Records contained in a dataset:
::::::::::

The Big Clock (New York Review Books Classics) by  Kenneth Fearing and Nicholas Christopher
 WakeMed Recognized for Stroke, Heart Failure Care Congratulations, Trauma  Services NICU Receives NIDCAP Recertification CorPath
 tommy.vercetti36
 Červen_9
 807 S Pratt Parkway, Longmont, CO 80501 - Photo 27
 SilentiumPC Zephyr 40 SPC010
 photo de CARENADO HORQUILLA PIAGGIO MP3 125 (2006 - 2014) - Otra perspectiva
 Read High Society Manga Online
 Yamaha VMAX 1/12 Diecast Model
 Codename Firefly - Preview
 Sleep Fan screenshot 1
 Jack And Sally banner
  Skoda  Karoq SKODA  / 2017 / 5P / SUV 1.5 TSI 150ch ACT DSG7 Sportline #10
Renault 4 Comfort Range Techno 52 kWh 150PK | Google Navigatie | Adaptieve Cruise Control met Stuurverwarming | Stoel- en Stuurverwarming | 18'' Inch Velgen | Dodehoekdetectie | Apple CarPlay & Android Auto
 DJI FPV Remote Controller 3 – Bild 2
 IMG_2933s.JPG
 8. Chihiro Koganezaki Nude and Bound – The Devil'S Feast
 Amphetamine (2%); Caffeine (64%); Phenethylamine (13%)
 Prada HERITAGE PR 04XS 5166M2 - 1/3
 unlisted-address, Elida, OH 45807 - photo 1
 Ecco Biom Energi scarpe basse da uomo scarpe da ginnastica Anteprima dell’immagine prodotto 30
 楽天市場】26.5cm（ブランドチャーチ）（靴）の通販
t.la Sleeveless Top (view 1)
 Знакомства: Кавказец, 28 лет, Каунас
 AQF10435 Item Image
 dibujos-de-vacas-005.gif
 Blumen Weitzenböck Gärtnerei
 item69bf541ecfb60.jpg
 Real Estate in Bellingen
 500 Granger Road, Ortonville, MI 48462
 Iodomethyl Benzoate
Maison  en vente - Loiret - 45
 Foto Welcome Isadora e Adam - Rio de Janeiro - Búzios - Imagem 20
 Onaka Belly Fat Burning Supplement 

::::::::::

Aim of the exercise: Each line, starting with the one containing "Yamaha VMAX 1/12 Diecast Model" and ending with the last line of the records above, should be reproduced exactly.

Completed task:
 Yamaha VMAX 1/12 Diecast Model
 Codename Firefly - Preview
 Sleep Fan screenshot 1
 Jack And Sally banner
  Skoda  Karoq SKODA  / 2017 / 5P / SUV 1.5 TSI 150ch ACT DSG7 Sportline #10
Renault 4 Comfort Range Techno 52 kWh 150PK | Google Navigatie | Adaptieve Cruise Control met Stuurverwarming | Stoel- en Stuurverwarming | 18'' Inch Velgen | Dodehoekdetectie | Apple CarPlay & Android Auto
 DJI FPV Remote Controller 3 – Bild 2
 IMG_2933s.JPG
 8. Chihiro Koganezaki Nude and Bound – The Devil'S Feast
 Amphetamine (2%); Caffeine (64%); Phenethylamine (13%)
 Prada HERITAGE PR 04XS 5166M2 - 1/3
 unlisted-address, Elida, OH 45807 - photo 1
 Ecco Biom Energi scarpe basse da uomo scarpe da ginnastica Anteprima dell’immagine prodotto 30
 楽天市場】26.5cm（ブランドチャーチ）（靴）の通販
t.la Sleeveless Top (view 1)
 Знакомства: Кавказец, 28 лет, Каунас
 AQF10435 Item Image
 dibujos-de-vacas-005.gif
 Blumen Weitzenböck Gärtnerei
 item69bf541ecfb60.jpg
 Real Estate in Bellingen
 500 Granger Road, Ortonville, MI 48462
 Iodomethyl Benzoate
Maison  en vente - Loiret - 45
 Foto Welcome Isadora e Adam - Rio de Janeiro - Búzios - Imagem 20
 Onaka Belly Fat Burning Supplement 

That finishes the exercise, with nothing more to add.